Work to complete: In the data below, find each line that contains the word "Silver" and copy it.

Records to process:
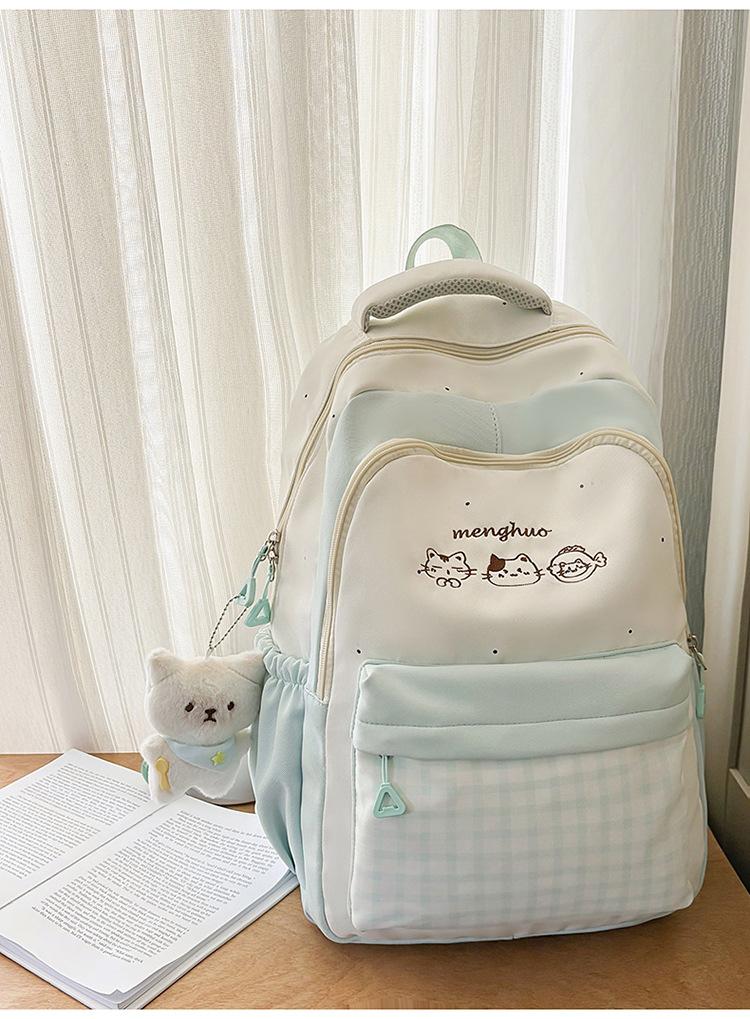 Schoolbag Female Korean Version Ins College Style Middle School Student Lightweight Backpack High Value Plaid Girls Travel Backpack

--

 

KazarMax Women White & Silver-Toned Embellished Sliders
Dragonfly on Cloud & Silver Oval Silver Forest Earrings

--

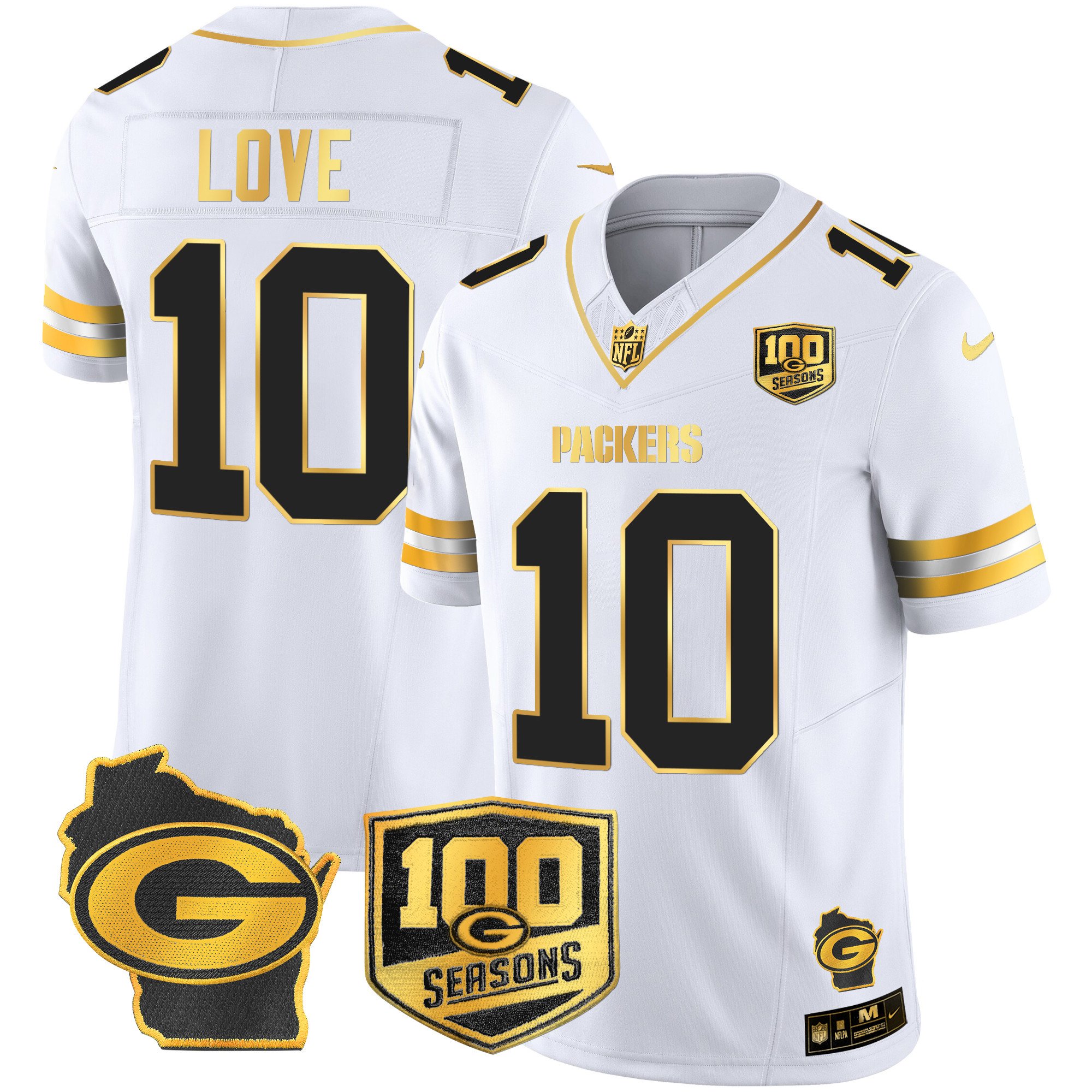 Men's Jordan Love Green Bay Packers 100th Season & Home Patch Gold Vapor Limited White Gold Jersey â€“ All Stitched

Response box:
KazarMax Women White & Silver-Toned Embellished Sliders
Dragonfly on Cloud & Silver Oval Silver Forest Earrings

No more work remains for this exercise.